The thing about getting older is everybody’s nice to me. Women who are much younger come up and say “I like your style,” or “Great outfit.” Young men smile when passing and tell me I have beautiful hair. Even in the building I live in, where most of us hover around the same age, we’re all relentlessly nice to each other.

After a while it becomes obvious that nice is just another form of invisibility. Compliment paid, courtesies exchanged, move on. I’d almost rather have a street person rail at me–at least that makes a good story. But when a mere slip of a girl remarks upon my “outfit,” she strolls off while I realize she has no conception of what an outfit really is–and that’s the end of it. I’ve been the beneficiary of “Pay it forward,” and I do. That’s what passes for social interaction when a woman gets older. 

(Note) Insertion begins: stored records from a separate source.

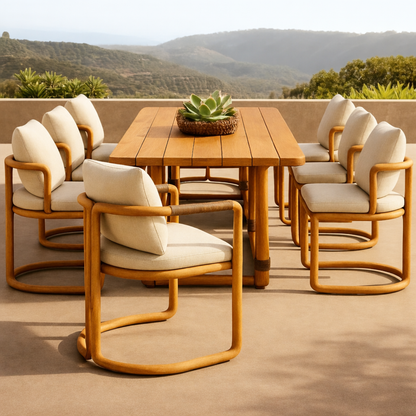 Marin & Vale Arco 9-Piece Teak Rope Outdoor Dining Set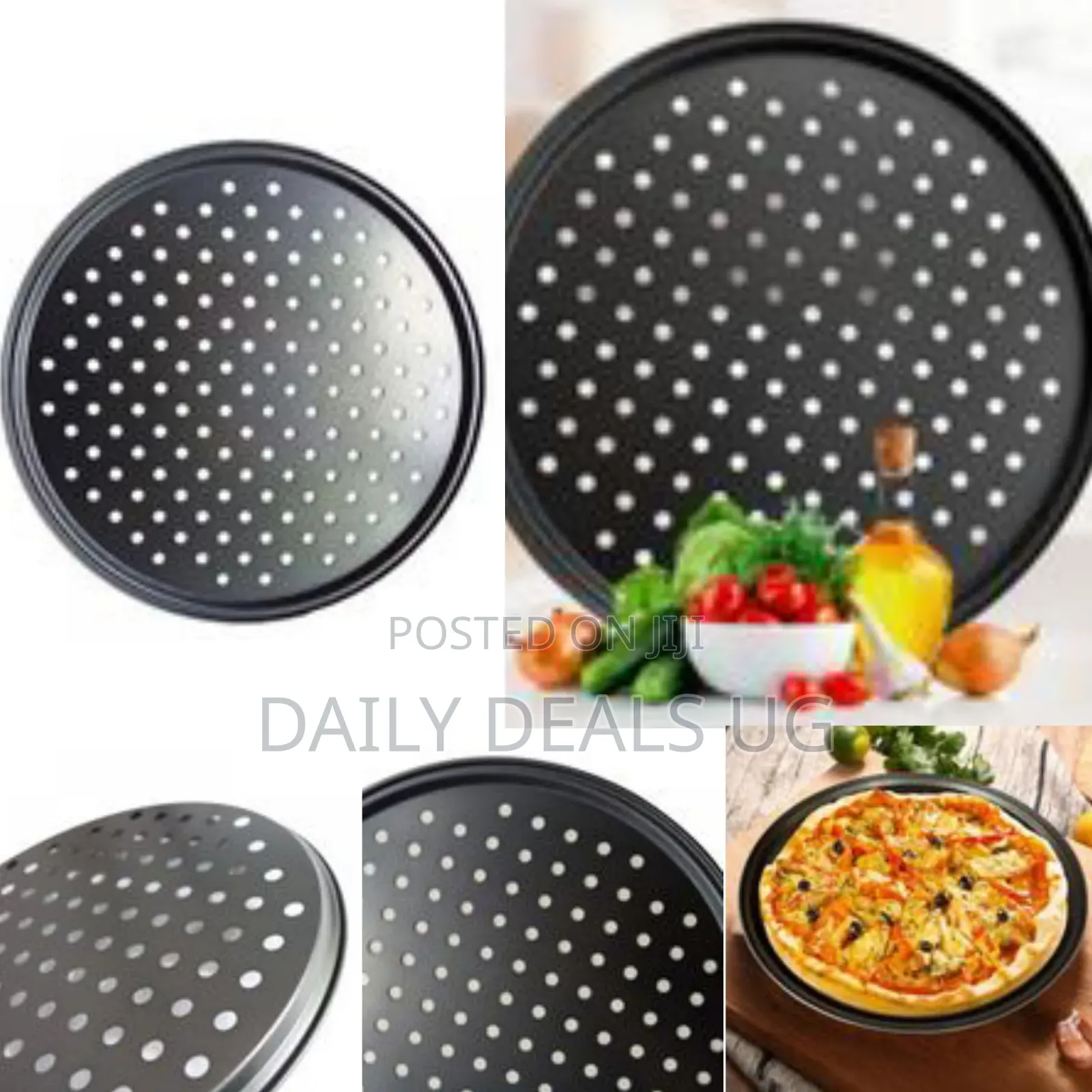 30cm Vented Pizza Pan With Holes Baking Tray Bakeware, Black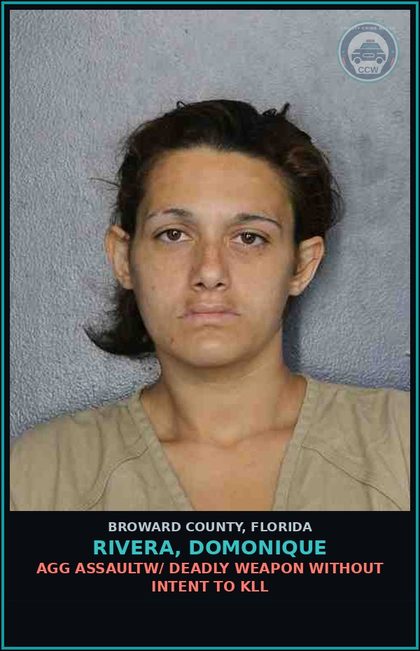 CCW arrest card for RIVERA, DOMONIQUE in Broward County: AGG ASSAULTW/ DEADLY WEAPON WITHOUT INTENT TO KILL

My mother once told me she wanted to get old so she could be like Mrs. Hollister, an aristocratic old lady who lived on her block. Mrs. Hollister carried a cane and when cars stopped too close to her when she was crossing the street, she used it to strike their hoods with authority. Now there was a woman who still caused a public sensation by refusing to dabble in being nice. 

Sometimes I think of becoming Mrs. Hollister but unlike her, I live in the era of drive-by shootings. Instead I dabble with the idea of finding someone who would make me a lovely sword-cane, but I’m not quite the right age to carry that off properly. Instead I buy clothes.

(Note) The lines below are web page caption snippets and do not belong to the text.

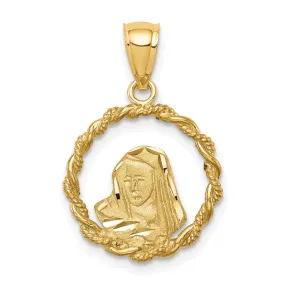 14k Yellow Gold Brushed and Polished Diamond-cut Virgin Mary Pendant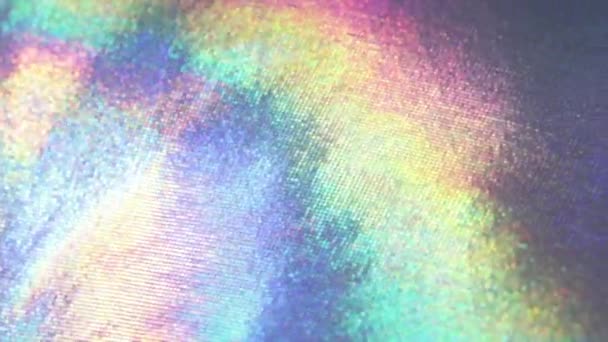 Fond Holographique Paillettes Métalliques Ralenti Arc Ciel Coloré Papier Peint — Video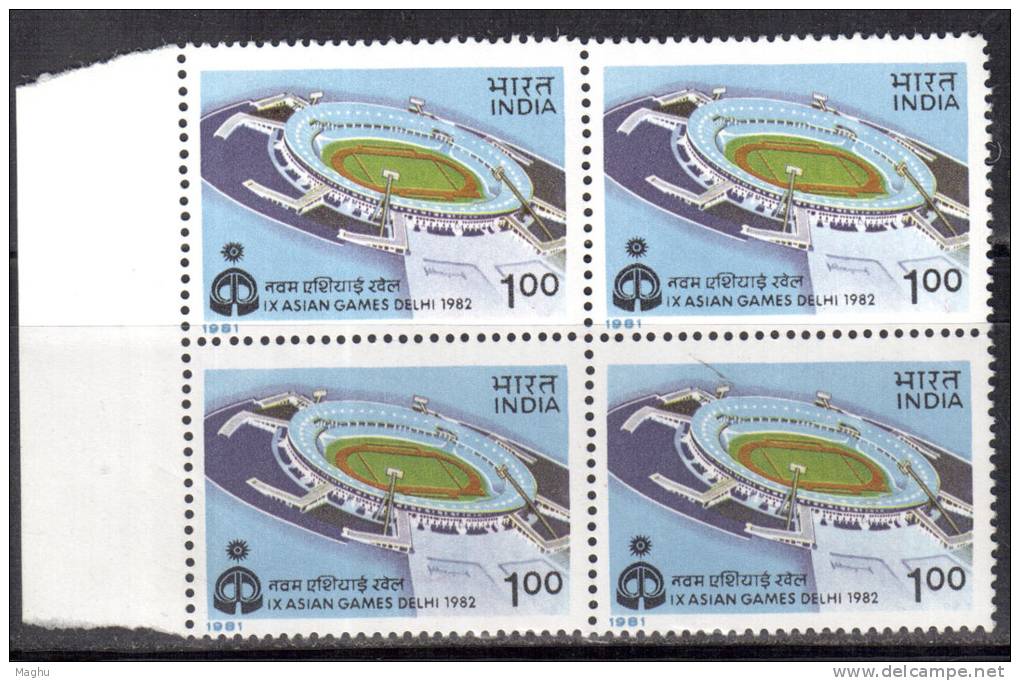 India MNH 1981, Block Of 4, Asian Games, Nehru Stadium, Sport, - Blokken & Velletjes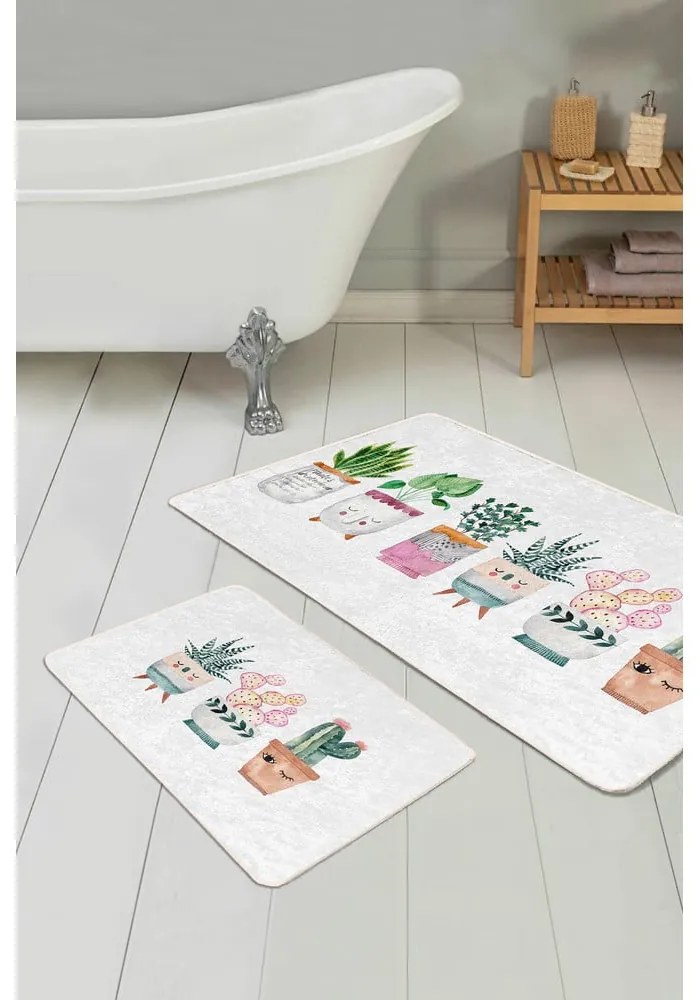 Бели кадифени постелки за баня в комплект от 2 бр. 60x100 cm Succulent – Mila Home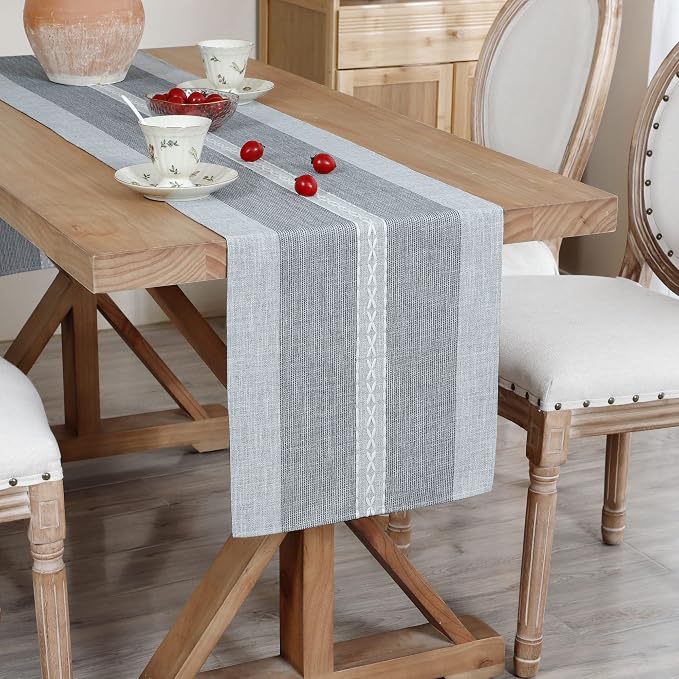 NEWISHER Farmhouse Braided Striped Embroidery Table Runner 72 inches Grey | by Newisher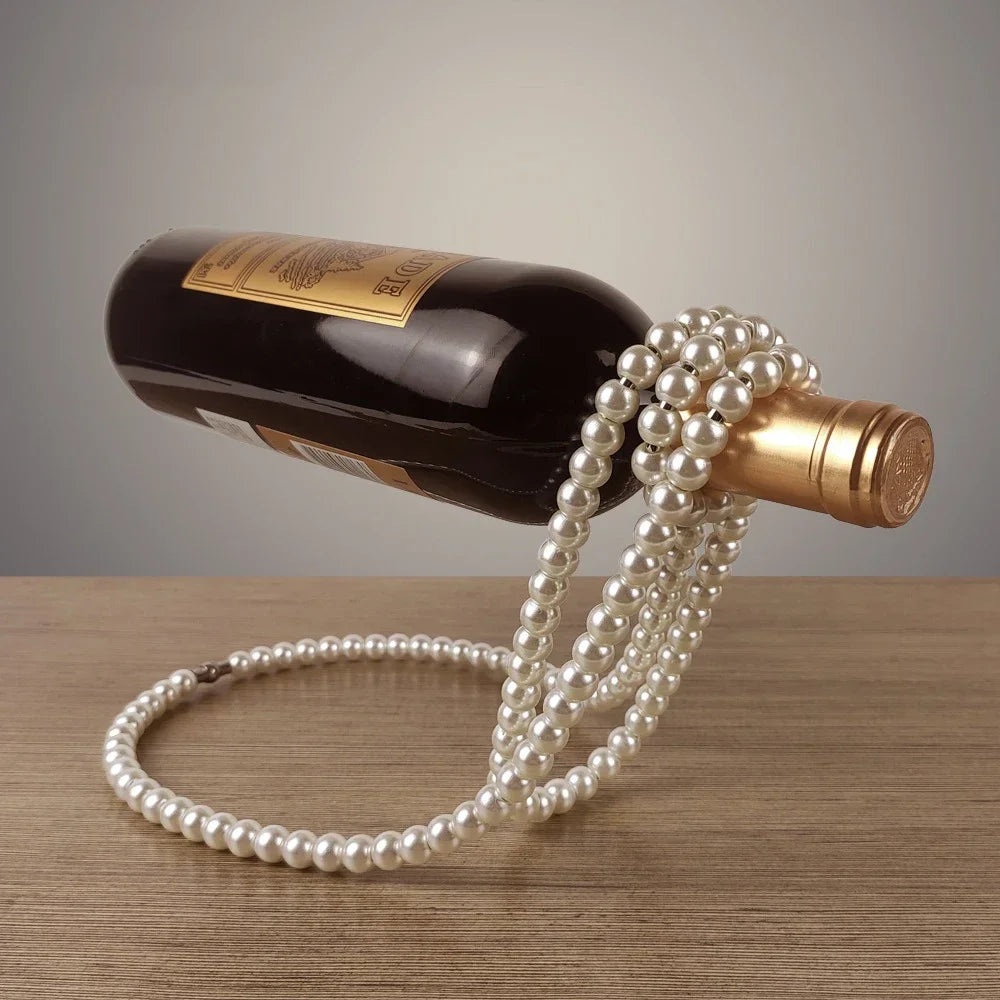 Creative and Fashionable Red Wine Rack Ornament Pearl Necklace Suspended Light Luxury Home Bedroom Decoration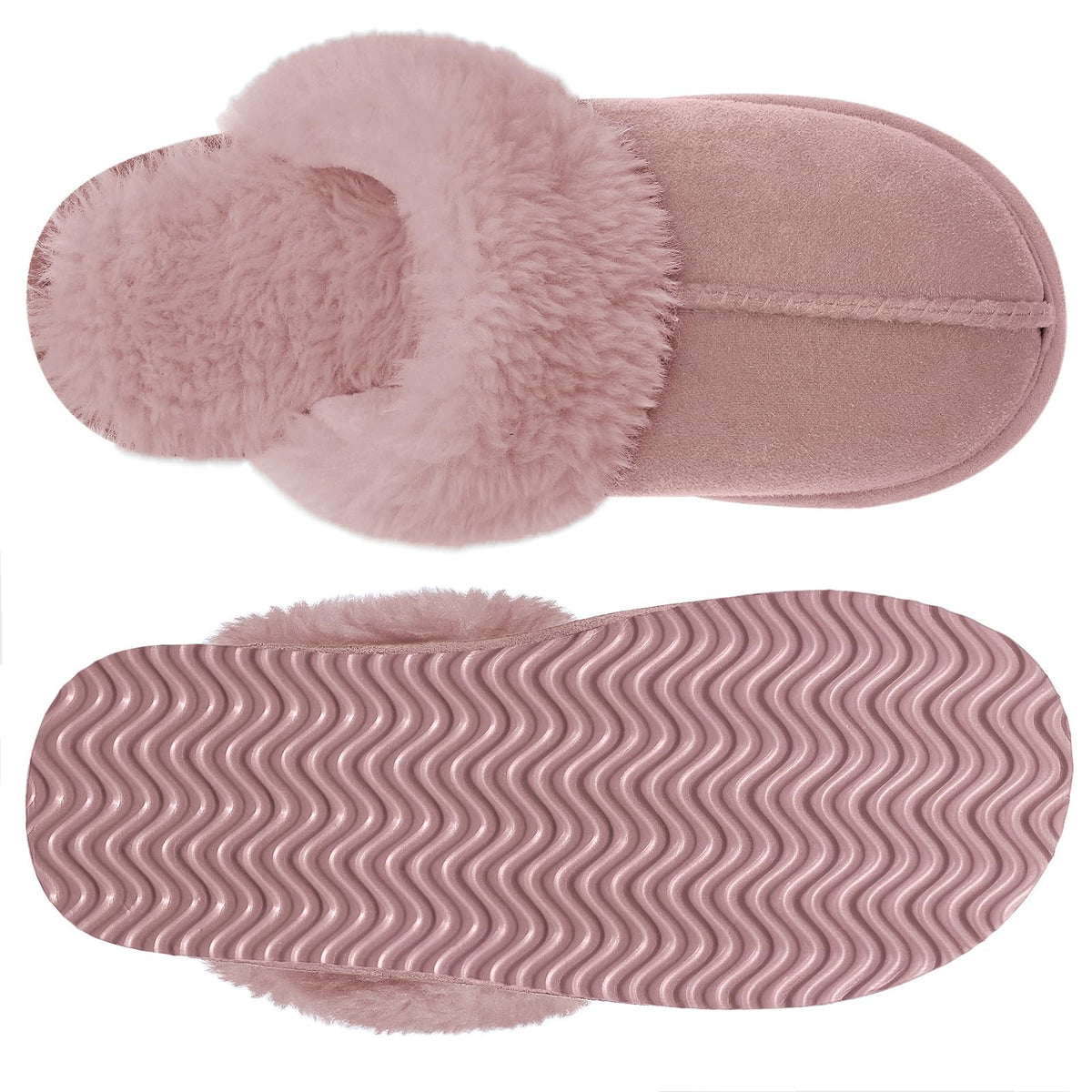 Litfun Women's Fluffy Memory Foam Slippers House Shoes Indoor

We all greet each other in the building where I live, probably because meeting someone in the hallway is almost an event in this place that often feels like a ghost town hotel. Once in a while there’s even a spot of conversation involved, the oatmeal variety, bland and pallid. 

One day I walked through the door to the street and passed a man with whom I’d exchanged taciturn hellos. This time he was pushing something that resembled an infant’s stroller and without breaking stride I said “Nice baby you’ve got there.” 

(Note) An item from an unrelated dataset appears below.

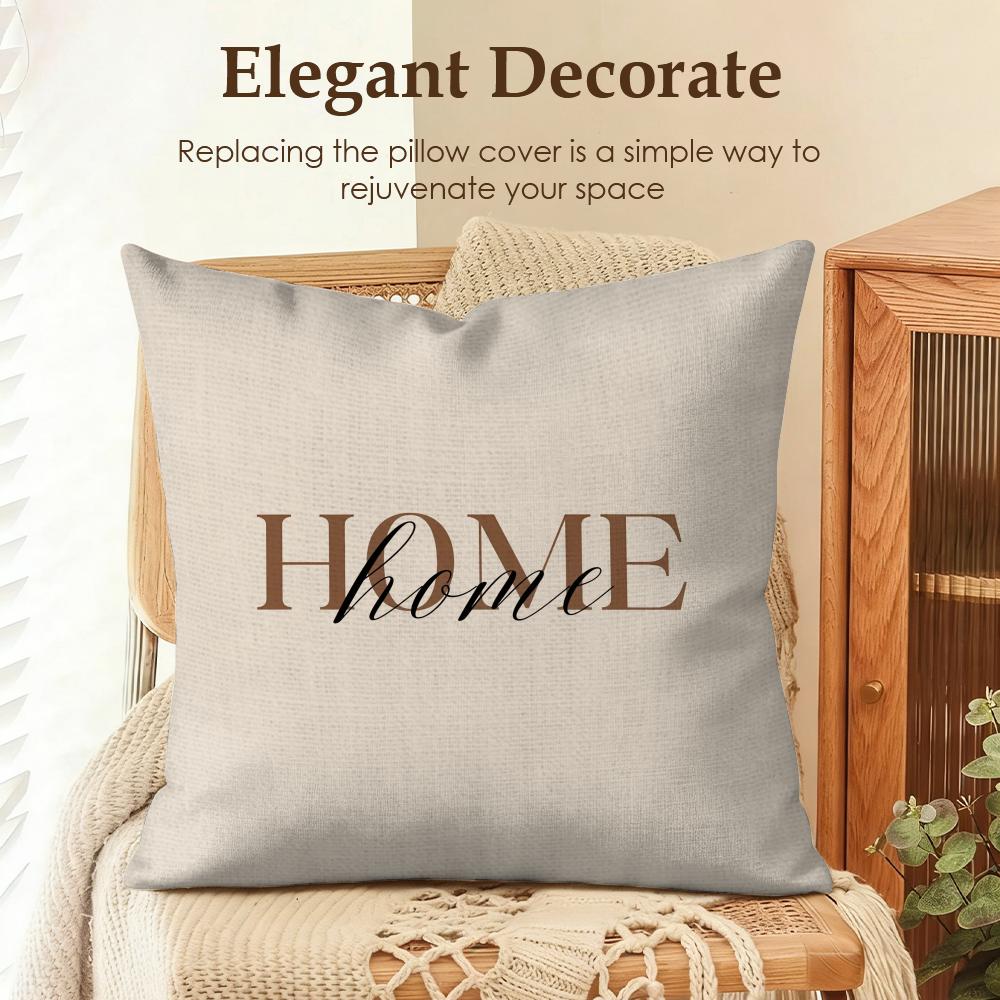 Simplicity Fashion Text Love Cushion Cover Natural Linen Organic Fabric Double-Sided Printing Sofa Home Decor Gift Pillow Case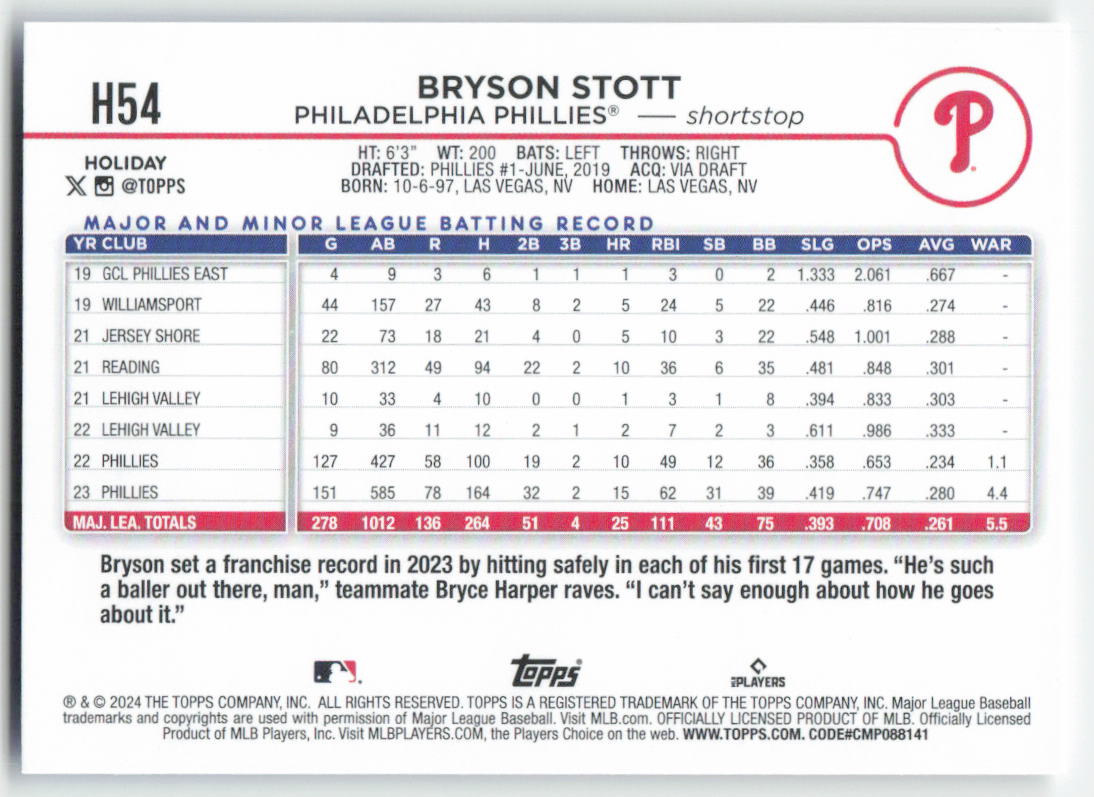 2024 Topps Holiday #H54 Bryson Stott Philadelphia Phillies 1588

Obviously he was another person drowning in nice because we’ve been talking in brief bursts of companionability ever since. His face lights up when he sees me and I’ve begun looking for him when I’m out in the world. It’s come to the point where I’m ready to ask him to have coffee.

It’s not easy breaking through niceness to find friends when you’re getting older. The people who nourish my life are ones I met in a past decade or three and few of them are men. I don’t want romance in my life but I long for the excitement and discovery that a new friendship brings. I want to move past platitudes into exchanges of sarcasm. I don’t know about you but I’m effing tired of being nice.